Cybercriminals Using YouTube to Spread Malware
  • Advisory
  • March 23, 2023

To stimulate the interest of potential victims, video tutorials on how to pirate sought-after software such as AutoCAD, Adobe Photoshop, Adobe Premiere Pro, and other similar paid-for software are created. These videos are created with AI and feature humans with facial features that research has shown other humans find trustworthy. The tutorials in these videos are frequently bogus and steer viewers to links in the description that lead to information-stealing malware like Raccoon, Vidar, and RedLine.

AI-generated YouTube videos can be used for malware distribution in several ways:

  1.   Malicious actors can create AI-generated videos that include hidden or disguised malware. These videos may appear to be harmless or even entertaining, but they can contain malicious code that can infect a viewer's device when the video is downloaded or played.
  2.    Malicious actors can use AI-generated videos to trick viewers into downloading malware.

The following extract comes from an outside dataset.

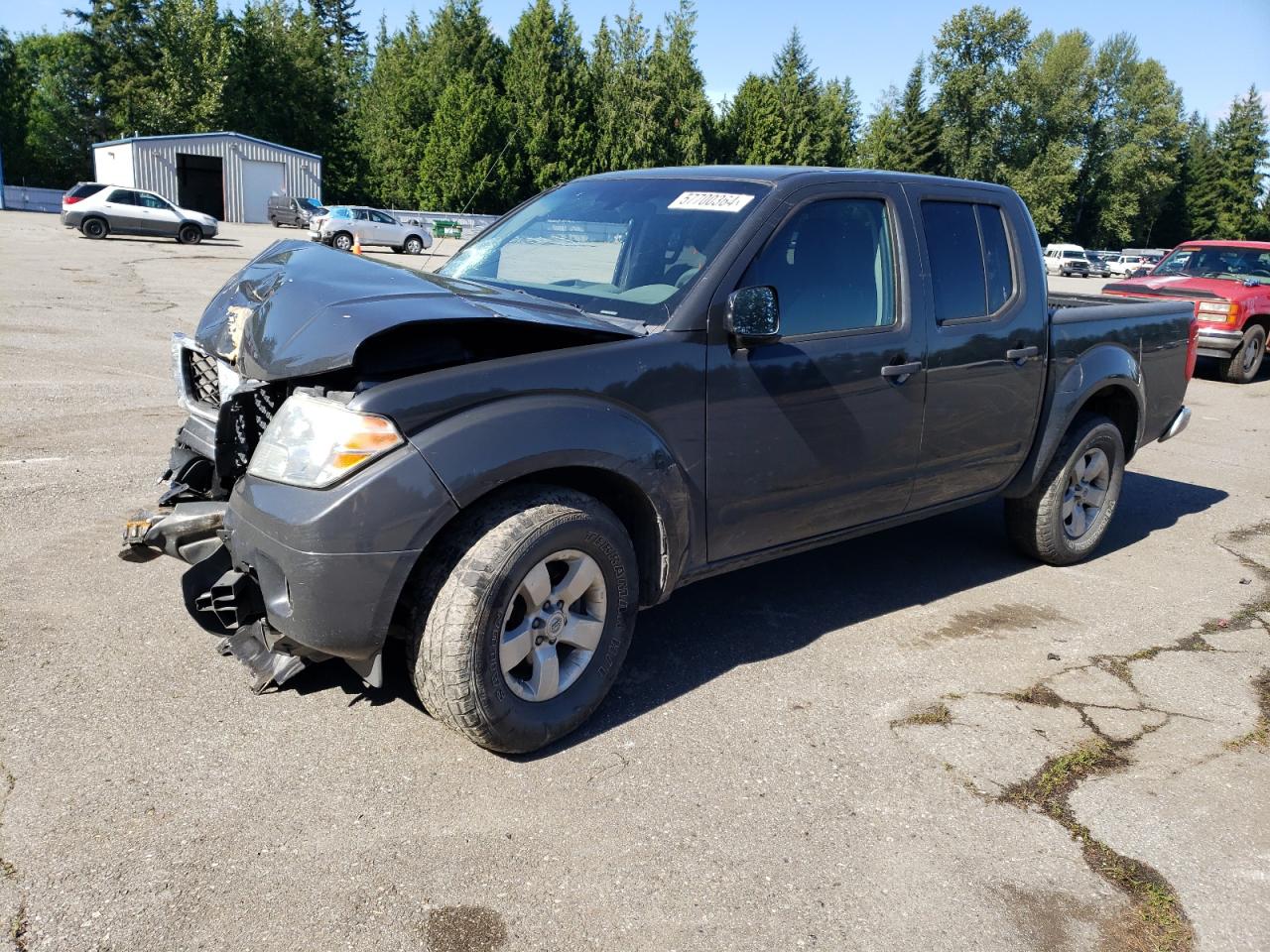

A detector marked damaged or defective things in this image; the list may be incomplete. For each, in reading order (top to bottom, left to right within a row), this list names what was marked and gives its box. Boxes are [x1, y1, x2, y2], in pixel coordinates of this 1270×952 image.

crumpled hood [195, 239, 645, 383]
broken headlight [245, 391, 404, 487]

For example, they can create a video that appears to be a legitimate software update or security patch, but in reality, it contains malware that infects the viewer's device.
  3.    Malicious actors can use AI-generated videos to distribute phishing scams. They can create a video that appears to be from a legitimate company or organization and prompts viewers to click on a link to enter their login credentials or personal information. Once the viewer clicks on the link, they are directed to a fake website that steals their information.
  4.    Malicious actors can use AI-generated videos to distribute ransomware. They can create a video that appears to be harmless, but when the viewer clicks on a link or downloads a file associated with the video, their device becomes infected with ransomware that locks them out of their files and demands payment to regain access.